Material provided
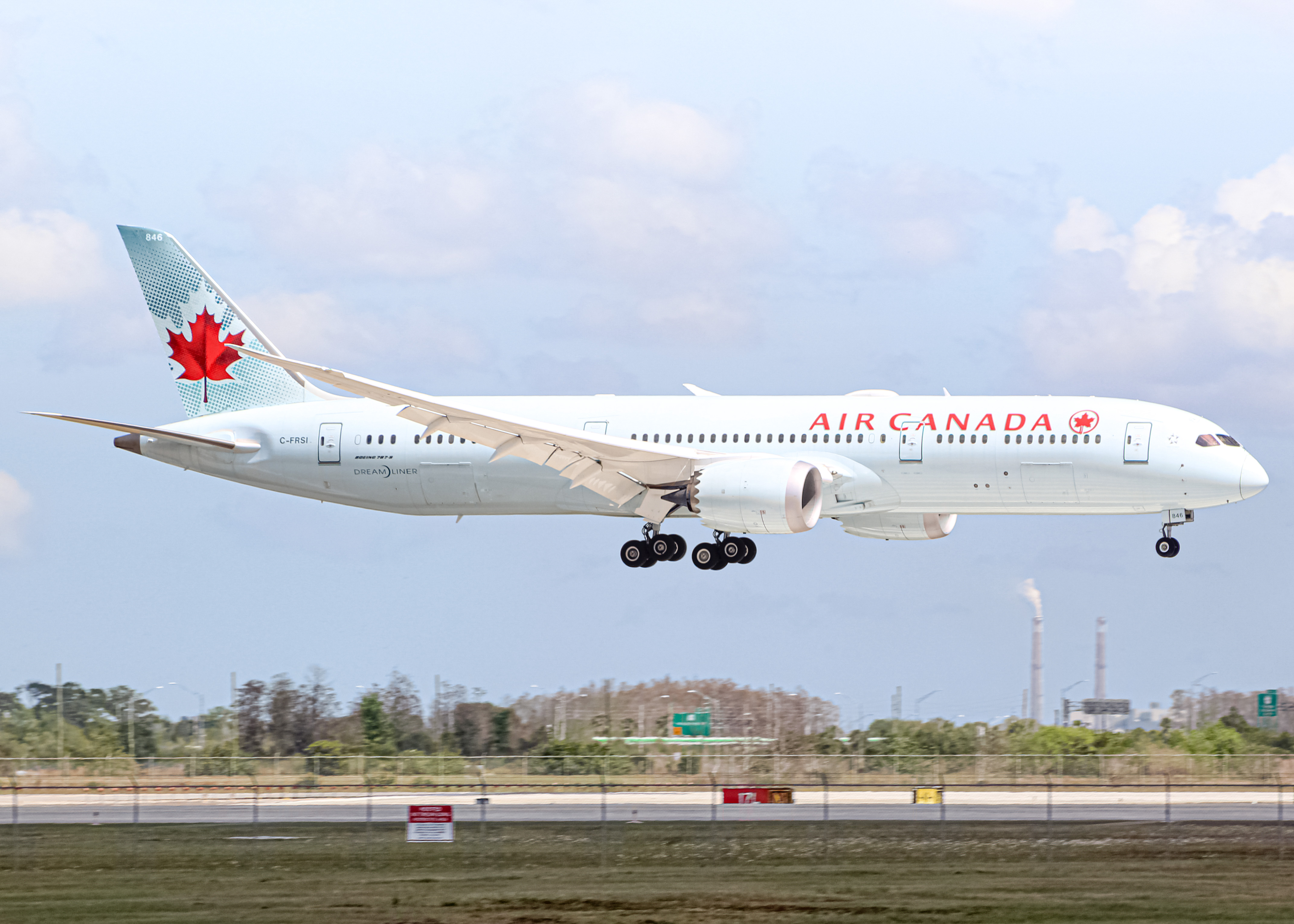 Full size: Air Canada Boeing 787-9 C-FRSI at Orlando International Airport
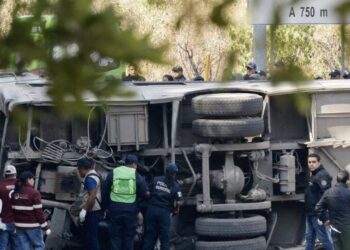 Përplaset autobusi me kamion në Meksikë, 8 persona vdesin e 27 lëndohen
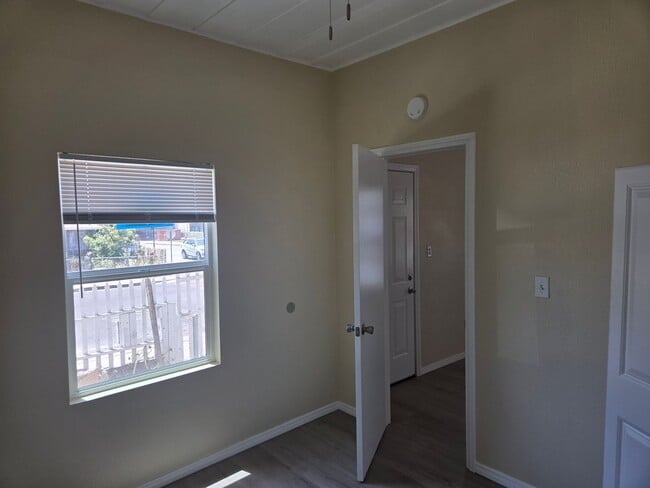 Building Photo - 1201 Saticoy St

Work order
The result should be the same data as above, line for line, with the pictures gone.

Task response
 Full size: Air Canada Boeing 787-9 C-FRSI at Orlando International Airport
 Përplaset autobusi me kamion në Meksikë, 8 persona vdesin e 27 lëndohen
 Building Photo - 1201 Saticoy St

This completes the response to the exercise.